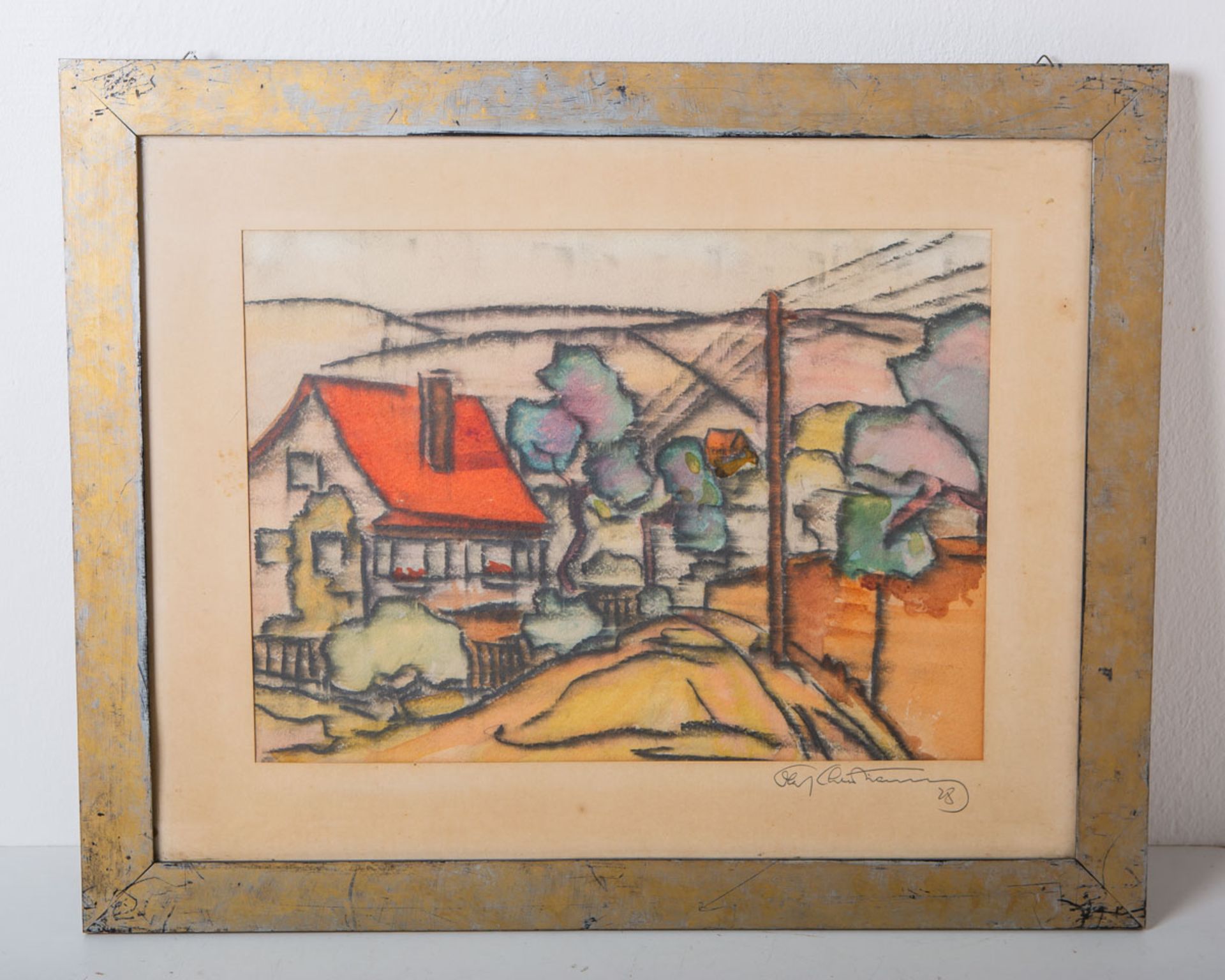 Christiansen, Olaf (1901 - 1990), Abstrakte Dorfszenerie m. Gebirge (1928)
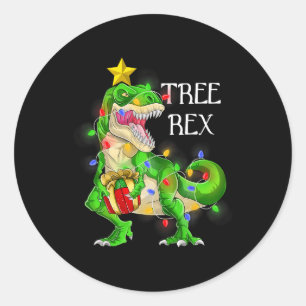 Dinosaur Christmas Tree Rex Pyjamas Men Boys Xmas Classic Round Sticker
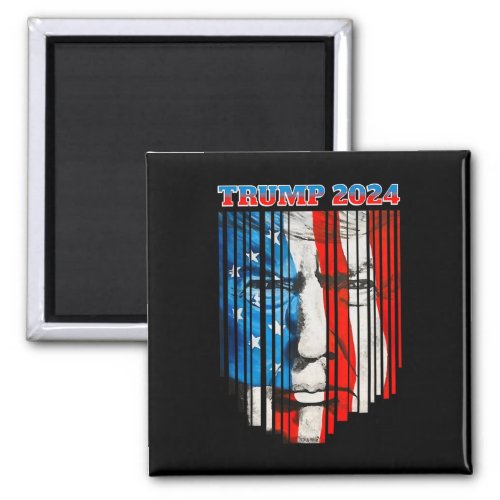 Trump 2024 Us Flag Face 4th Of July Independence D Magnet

Task:
Print the data again, word for word, without any pictures.

Task result:
 Christiansen, Olaf (1901 - 1990), Abstrakte Dorfszenerie m. Gebirge (1928)
 Dinosaur Christmas Tree Rex Pyjamas Men Boys Xmas Classic Round Sticker
 Trump 2024 Us Flag Face 4th Of July Independence D Magnet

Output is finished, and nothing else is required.